Getting comfortable with the opposite of loss

"Thirty years of grief and longing have given her face the look of something too often folded and creased; a smile seems unfamiliar, And she tries it on now as she might some garment that she's almost certain will not suit.
"They try to prepare you for loss," she said. "It never occurs to them to prepare you for the opposite."
I nodded. "I know. We'll manage," I said. - The Girl With No Shadow, Joanne Harris

Theobroma cacao flower

From the small window at the foot of our futon I catch blurring shapes. My glasses are on the table. Once they're on my face I see the dust rise from the horse ring at the other end of the campground. Horses. Horses running without riders. Horses running free.

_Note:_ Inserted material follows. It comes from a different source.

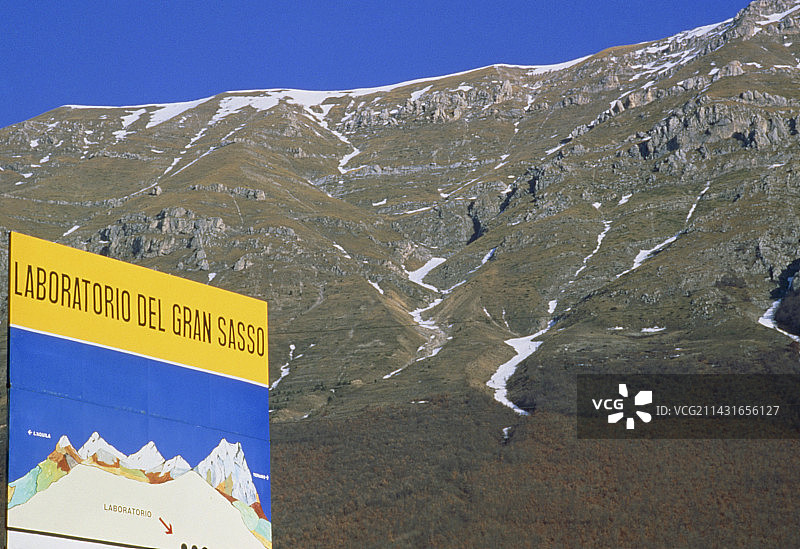 意大利大萨索山实验室标识牌图片素材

We've been living on this small town campground, part of the fairground, for more than a year. We've seen the cycle of comings and goings of people and vehicles, events and activity; and the lock-down brought on by the pandemic has shifted things even more. Not so good for the land-owners, the Port of South Whidbey, and not so good for the horse people who would be pulling in their trailers and preening their ponies as well as their riders for the often-monthly horse shows. But, for us mostly-permanent campers it's an unexpected cycle of the opposite of loss.

It feels, to me, like transformation.
It feels, to me, like getting comfortable with the opposite of loss.

The photograph of Theobroma cacao flower, holds a space here on this very short post because I am currently enjoying a marathon read of Joanne Harris's novels about chocolate. The fruit of the Theobroma cacao flower is the fruit of chocolate.

While I attend to the inner world and deep work involved with getting comfortable with the opposite of loss the beautiful orchid allows me to write something of what is not quite ready to be a story.